### Instructions to follow:
The copy should hold exactly the lines below from the one that contains "Beautiful, fresh flowers" through the one that contains "Fiona, the Cat of the Day" and nothing else, so no pictures.

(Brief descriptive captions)
----------
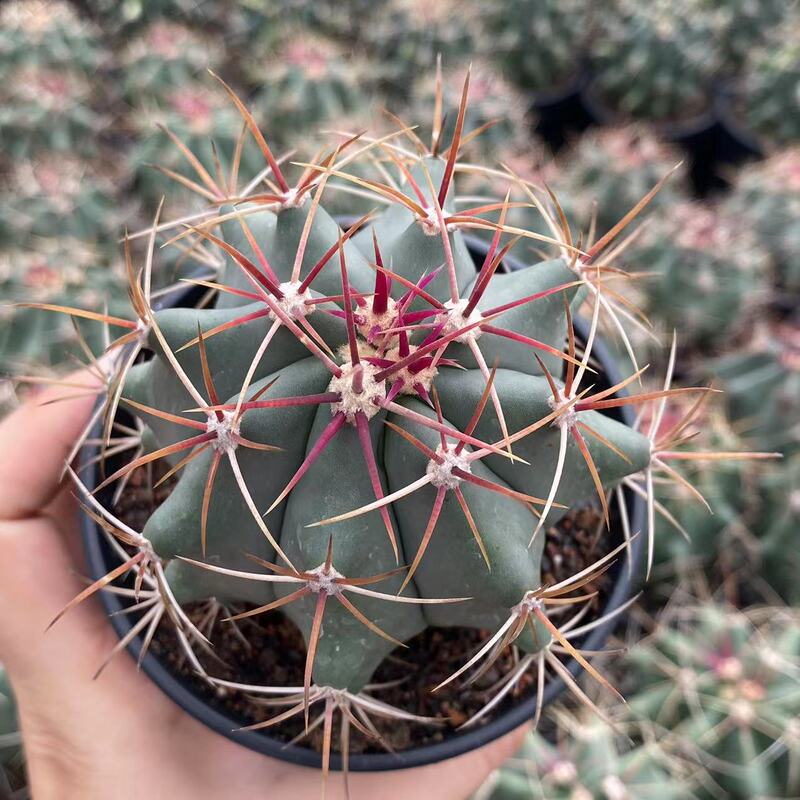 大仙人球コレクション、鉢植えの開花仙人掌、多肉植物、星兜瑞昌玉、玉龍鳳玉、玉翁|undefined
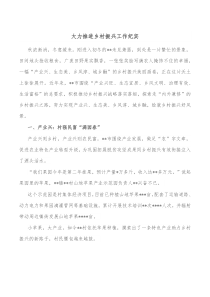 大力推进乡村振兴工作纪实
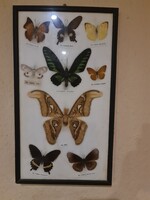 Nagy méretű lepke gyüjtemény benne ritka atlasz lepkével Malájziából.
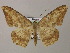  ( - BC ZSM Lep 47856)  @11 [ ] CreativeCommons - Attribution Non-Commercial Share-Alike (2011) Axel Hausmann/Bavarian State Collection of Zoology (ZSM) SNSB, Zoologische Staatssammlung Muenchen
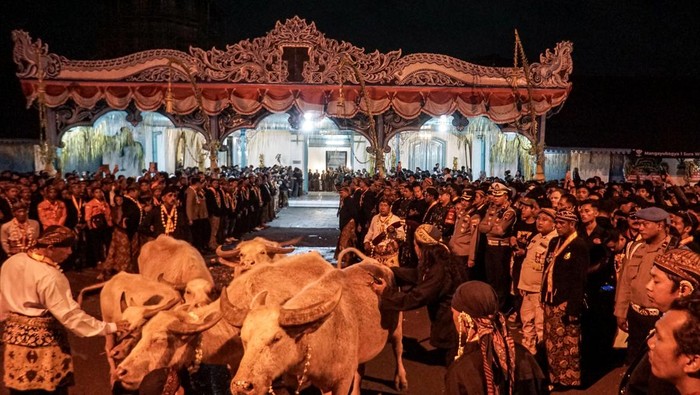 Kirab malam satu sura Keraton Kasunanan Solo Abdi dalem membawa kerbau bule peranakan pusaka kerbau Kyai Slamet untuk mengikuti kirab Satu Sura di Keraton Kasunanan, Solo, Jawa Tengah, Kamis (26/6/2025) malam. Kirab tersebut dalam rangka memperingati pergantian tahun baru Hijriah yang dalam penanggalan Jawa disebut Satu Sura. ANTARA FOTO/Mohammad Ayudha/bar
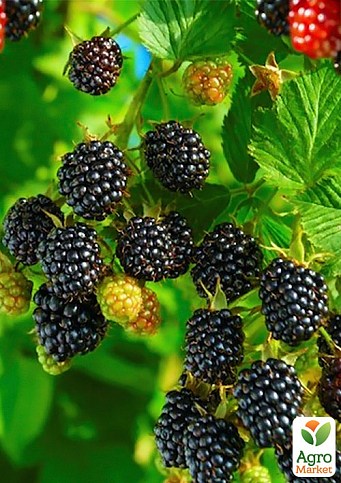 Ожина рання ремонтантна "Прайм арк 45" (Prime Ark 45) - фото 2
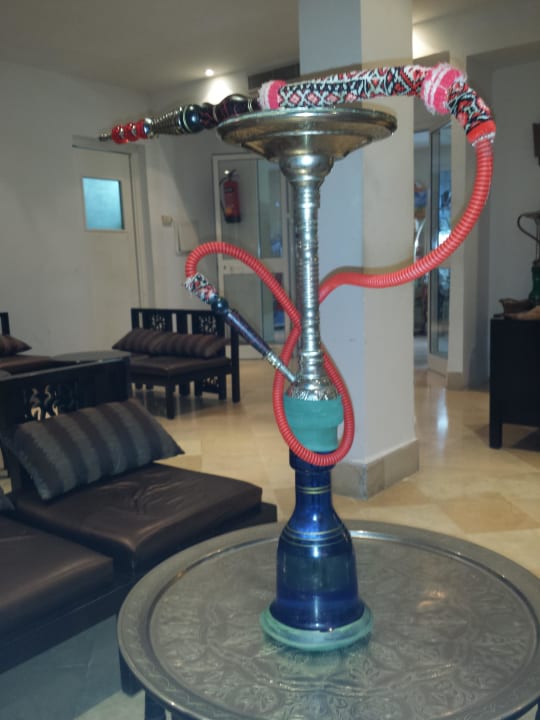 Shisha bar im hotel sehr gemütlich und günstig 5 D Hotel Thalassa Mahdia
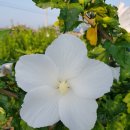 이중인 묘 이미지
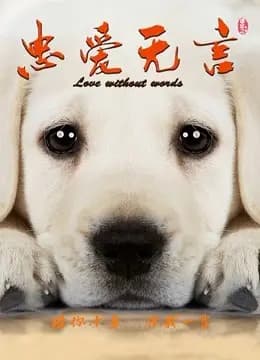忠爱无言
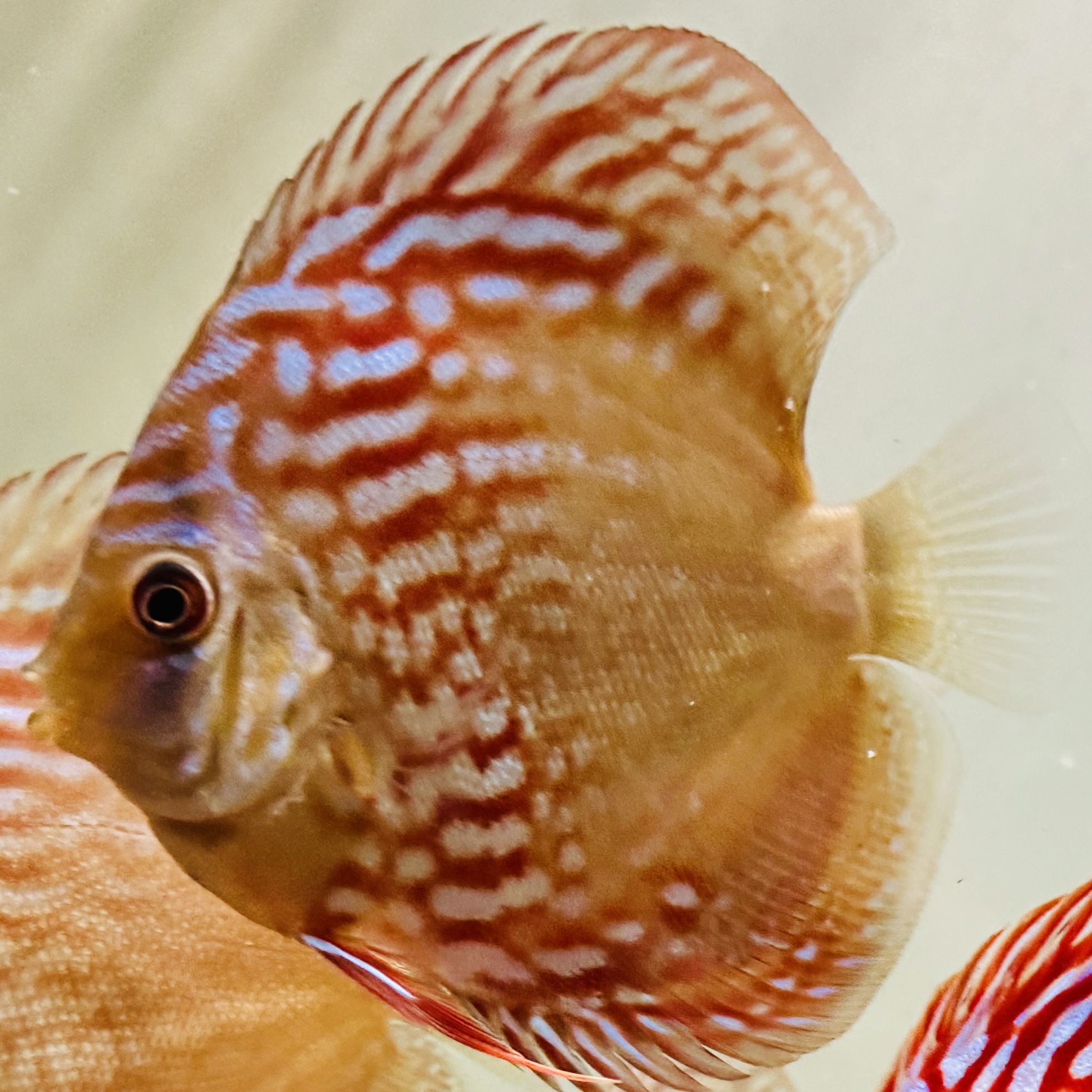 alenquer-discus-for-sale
----------
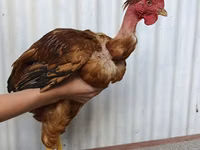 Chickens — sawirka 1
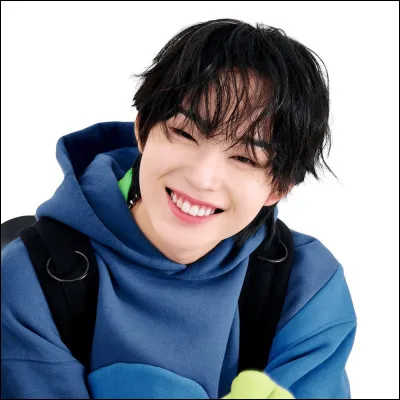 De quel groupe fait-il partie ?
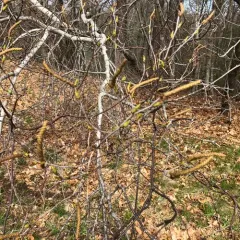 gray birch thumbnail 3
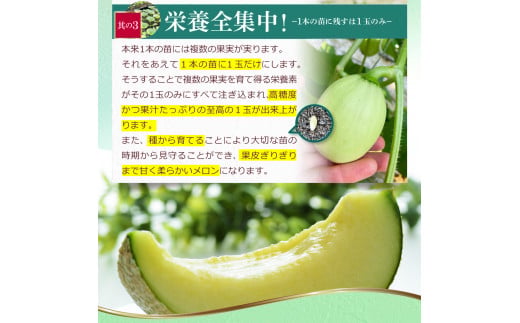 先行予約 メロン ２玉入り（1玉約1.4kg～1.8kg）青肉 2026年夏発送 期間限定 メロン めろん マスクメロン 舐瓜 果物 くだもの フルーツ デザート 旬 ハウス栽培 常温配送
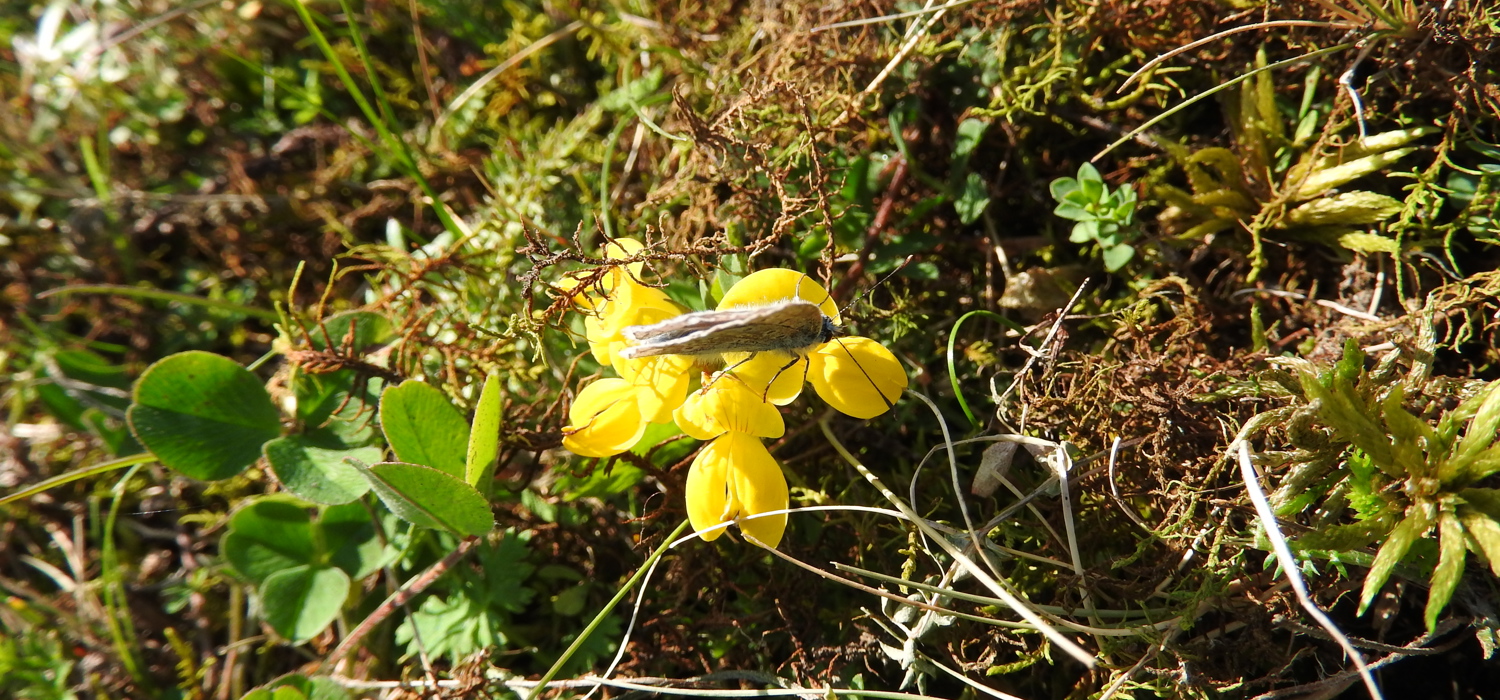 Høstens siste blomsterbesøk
----------
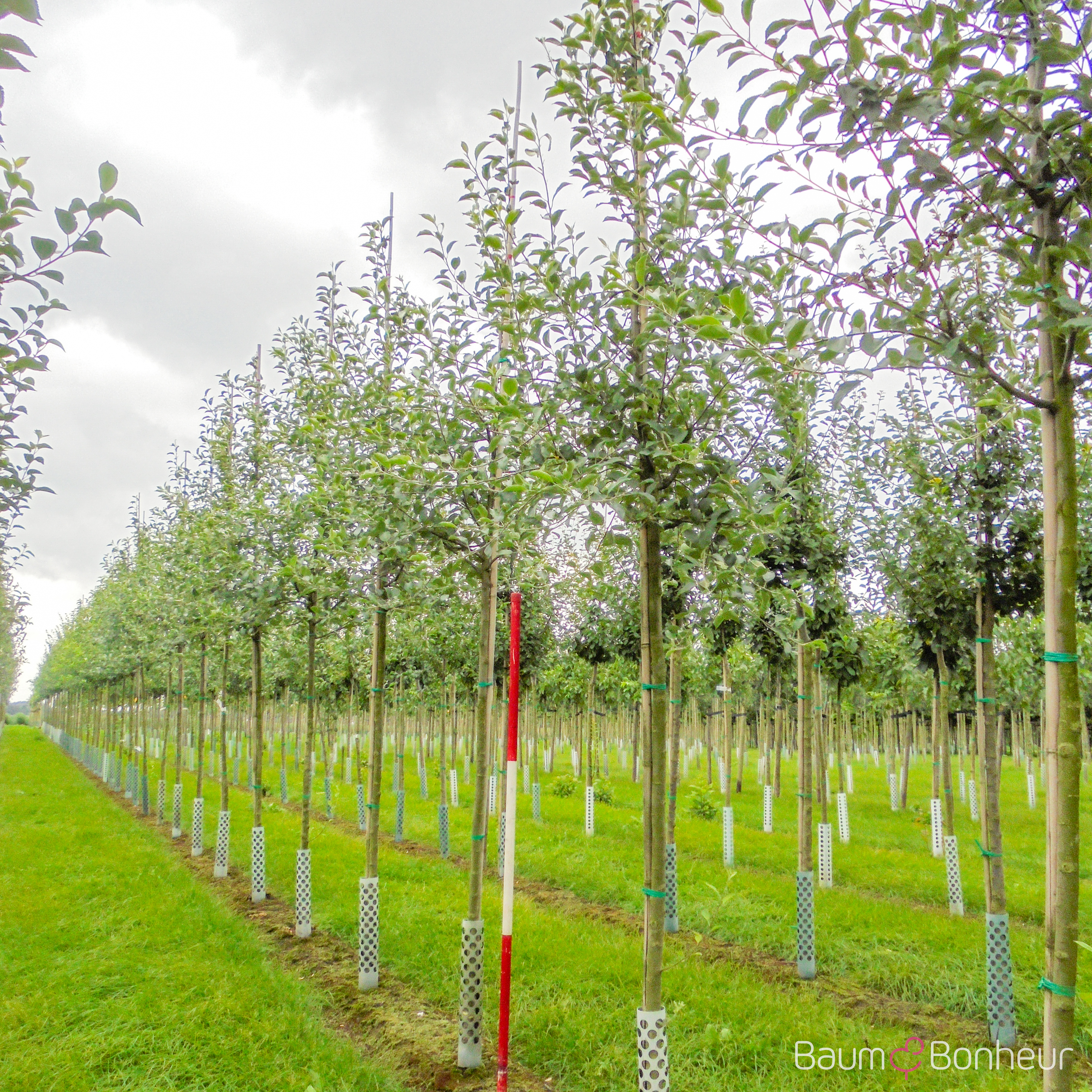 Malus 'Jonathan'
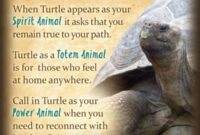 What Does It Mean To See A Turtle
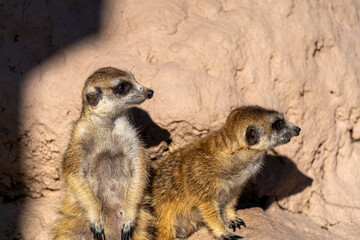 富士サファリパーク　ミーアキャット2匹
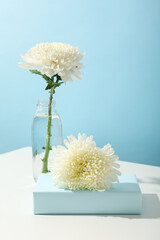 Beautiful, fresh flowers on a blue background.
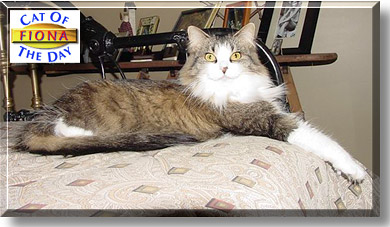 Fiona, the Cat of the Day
----------
### Problem solution:
 Beautiful, fresh flowers on a blue background.
 Fiona, the Cat of the Day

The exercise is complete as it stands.